Latitude Longitude Coordinates to State Code in R

Michael picture Michael · Jan 6, 2012 · Viewed 24.5k times · Source

Is there a fast way to convert latitude and longitude coordinates to State codes in R? I've been using the zipcode package as a look up table but it's too slow when I'm querying lots of lat/long values

If not in R is there any way to do this using google geocoder or any other type of fast querying service?

Thanks!

Answer

Josh O'Brien picture Josh O'Brien · Jan 6, 2012

Here are two options, one using sf and one using sp package functions. sf is the more modern (and, here in 2020, recommended) package for analyzing spatial data, but in case it's still useful, I am leaving my original 2012 answer showing how to do this with sp-related functions.


Method 1 (using sf):

library(sf)
library(spData)

## pointsDF: A data.frame whose first column contains longitudes and
##           whose second column contains latitudes.
##
## states:   An sf MULTIPOLYGON object with 50 states plus DC.
##
## name_col: Name of a column in `states` that supplies the states'
##           names.
lonlat_to_state <- function(pointsDF,
                            states = spData::us_states,
                            name_col = "NAME") {
    ## Convert points data.frame to an sf POINTS object
    pts <- st_as_sf(pointsDF, coords = 1:2, crs = 4326)

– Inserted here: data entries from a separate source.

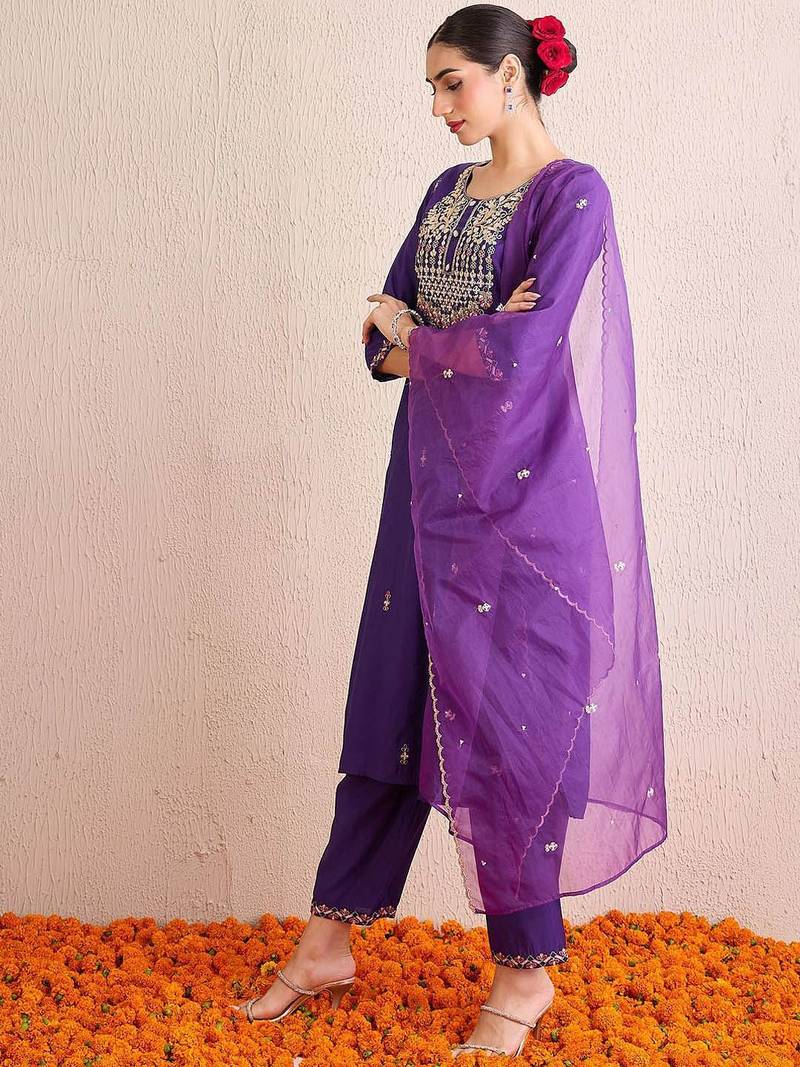 Women Ethnic Motifs Embroidered Regular Sequinned Kurta with Trousers & With Dupatta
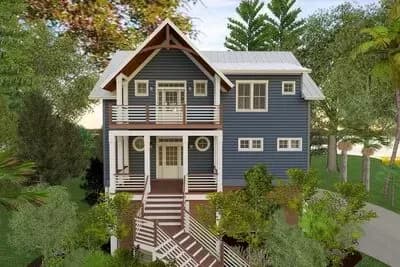 Coastal Stilt House Plan with Elevator and Second-level Living Space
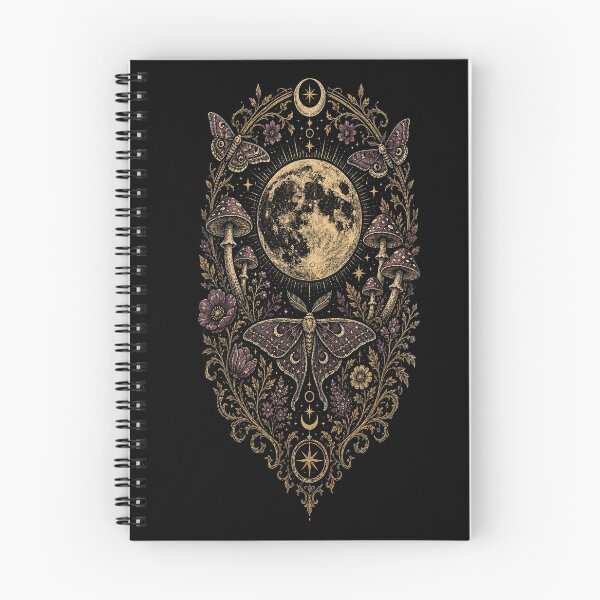 Item preview, Dark Celestial Moth Moon Mushrooms Witchy Vintage Botanical designed and sold by Randomnessy.
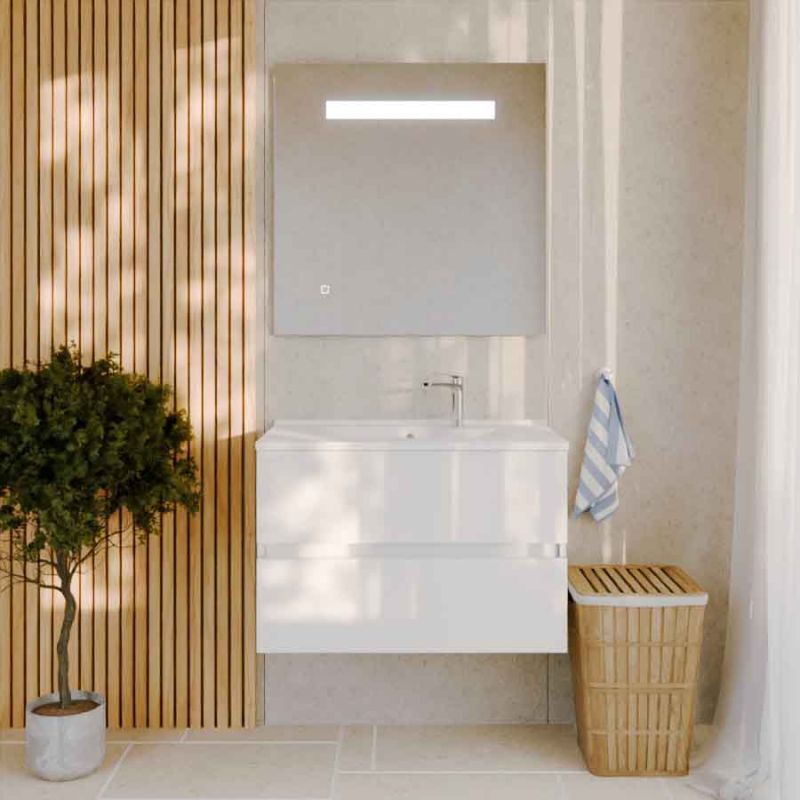 Cuisibane - Meuble salle de bain 80 cm rosaly avec plan vasque et miroir Elégance ht80- Blanc- Plan vasque en Résine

    ## Transform spatial data to some planar coordinate system
    ## (e.g. Web Mercator) as required for geometric operations
    states <- st_transform(states, crs = 3857)
    pts <- st_transform(pts, crs = 3857)

    ## Find names of state (if any) intersected by each point
    state_names <- states[[name_col]]
    ii <- as.integer(st_intersects(pts, states))
    state_names[ii]
}

## Test the function with points in Wisconsin, Oregon, and France
testPoints <- data.frame(x = c(-90, -120, 0), y = c(44, 44, 44))
lonlat_to_state(testPoints)
## [1] "Wisconsin" "Oregon"    NA

If you need higher resolution state boundaries, read in your own vector data as an sf object using sf::st_read() or by some other means. One nice option is to install the rnaturalearth package and use it to load a state vector layer from rnaturalearthhires. Then use the lonlat_to_state() function we just defined as shown here:

library(rnaturalearth)
us_states_ne <- ne_states(country = "United States of America",
                          returnclass = "sf")
lonlat_to_state(testPoints, states = us_states_ne, name_col = "name")
## [1] "Wisconsin" "Oregon"    NA         

For very accurate results, you can download a geopackage containing GADM-maintained administrative borders for the United States from this page. Then, load the state boundary data and use them like this:

USA_gadm <- st_read(dsn = "gadm36_USA.gpkg", layer = "gadm36_USA_1")
lonlat_to_state(testPoints, states = USA_gadm, name_col = "NAME_1")
## [1] "Wisconsin" "Oregon"    NA        

Method 2 (using sp):

Here is a function that takes a data.frame of lat-longs within the lower 48 states, and for each point, returns the state in which it is located.

Most of the function simply prepares the SpatialPoints and SpatialPolygons objects needed by the over() function in the sp package, which does the real heavy lifting of calculating the 'intersection' of points and polygons:

library(sp)
library(maps)
library(maptools)

# The single argument to this function, pointsDF, is a data.frame in which:
#   - column 1 contains the longitude in degrees (negative in the US)
#   - column 2 contains the latitude in degrees

lonlat_to_state_sp <- function(pointsDF) {
    # Prepare SpatialPolygons object with one SpatialPolygon
    # per state (plus DC, minus HI & AK)
    states <- map('state', fill=TRUE, col="transparent", plot=FALSE)
    IDs <- sapply(strsplit(states$names, ":"), function(x) x[1])
    states_sp <- map2SpatialPolygons(states, IDs=IDs,
                     proj4string=CRS("+proj=longlat +datum=WGS84"))

    # Convert pointsDF to a SpatialPoints object 
    pointsSP <- SpatialPoints(pointsDF, 
                    proj4string=CRS("+proj=longlat +datum=WGS84"))

    # Use 'over' to get _indices_ of the Polygons object containing each point 
        indices <- over(pointsSP, states_sp)

    # Return the state names of the Polygons object containing each point
    stateNames <- sapply(states_sp@polygons, function(x) x@ID)
    stateNames[indices]
}

# Test the function using points in Wisconsin and Oregon.
testPoints <- data.frame(x = c(-90, -120), y = c(44, 44))

lonlat_to_state_sp(testPoints)
[1] "wisconsin" "oregon" # IT WORKS